--- TASK DESCRIPTION ---
Please copy out every line in the records below that includes the word "gear".

Web page caption snippets:
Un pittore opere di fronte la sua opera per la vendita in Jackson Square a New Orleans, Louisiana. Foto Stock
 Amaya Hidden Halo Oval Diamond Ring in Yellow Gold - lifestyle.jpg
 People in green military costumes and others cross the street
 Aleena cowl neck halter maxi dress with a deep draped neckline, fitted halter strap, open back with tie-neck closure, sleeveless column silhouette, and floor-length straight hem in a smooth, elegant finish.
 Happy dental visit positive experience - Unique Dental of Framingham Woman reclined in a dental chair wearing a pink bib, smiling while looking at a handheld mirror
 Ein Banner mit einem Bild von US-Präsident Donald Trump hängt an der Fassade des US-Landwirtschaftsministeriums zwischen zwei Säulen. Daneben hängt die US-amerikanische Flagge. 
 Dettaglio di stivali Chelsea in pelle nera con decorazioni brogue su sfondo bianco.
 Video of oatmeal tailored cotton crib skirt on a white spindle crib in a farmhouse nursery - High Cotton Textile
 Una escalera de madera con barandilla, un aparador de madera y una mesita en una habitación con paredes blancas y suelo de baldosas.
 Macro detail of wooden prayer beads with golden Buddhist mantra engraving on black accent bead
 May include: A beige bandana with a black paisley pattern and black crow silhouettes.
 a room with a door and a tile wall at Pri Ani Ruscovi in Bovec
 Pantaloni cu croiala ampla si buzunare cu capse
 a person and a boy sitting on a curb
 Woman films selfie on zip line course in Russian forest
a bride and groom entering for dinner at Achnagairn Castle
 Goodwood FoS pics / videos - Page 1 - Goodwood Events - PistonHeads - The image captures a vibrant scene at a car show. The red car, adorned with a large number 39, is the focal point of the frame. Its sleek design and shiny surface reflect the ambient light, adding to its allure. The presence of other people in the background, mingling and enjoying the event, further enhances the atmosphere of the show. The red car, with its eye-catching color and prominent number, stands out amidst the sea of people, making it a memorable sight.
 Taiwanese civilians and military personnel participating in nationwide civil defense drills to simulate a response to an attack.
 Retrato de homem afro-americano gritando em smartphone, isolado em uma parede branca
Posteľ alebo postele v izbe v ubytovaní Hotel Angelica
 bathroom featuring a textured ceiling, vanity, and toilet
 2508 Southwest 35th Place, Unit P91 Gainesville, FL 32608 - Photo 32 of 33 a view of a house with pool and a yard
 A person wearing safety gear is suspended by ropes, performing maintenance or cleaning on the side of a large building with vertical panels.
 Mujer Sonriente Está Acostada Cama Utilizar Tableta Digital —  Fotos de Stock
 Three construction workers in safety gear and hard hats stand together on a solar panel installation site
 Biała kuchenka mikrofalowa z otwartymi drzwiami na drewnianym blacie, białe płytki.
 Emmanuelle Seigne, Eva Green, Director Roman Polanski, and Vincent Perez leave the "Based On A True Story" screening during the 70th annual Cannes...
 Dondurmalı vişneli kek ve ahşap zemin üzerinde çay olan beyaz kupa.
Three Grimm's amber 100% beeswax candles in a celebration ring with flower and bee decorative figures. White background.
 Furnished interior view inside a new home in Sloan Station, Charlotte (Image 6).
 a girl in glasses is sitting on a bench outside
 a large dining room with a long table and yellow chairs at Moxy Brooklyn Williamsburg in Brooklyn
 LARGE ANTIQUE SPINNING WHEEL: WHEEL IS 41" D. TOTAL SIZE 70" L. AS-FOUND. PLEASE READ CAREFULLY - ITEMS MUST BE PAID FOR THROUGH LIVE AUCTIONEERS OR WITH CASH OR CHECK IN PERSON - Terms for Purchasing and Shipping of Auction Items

--- YOUR RESPONSE ---
 A person wearing safety gear is suspended by ropes, performing maintenance or cleaning on the side of a large building with vertical panels.
 Three construction workers in safety gear and hard hats stand together on a solar panel installation site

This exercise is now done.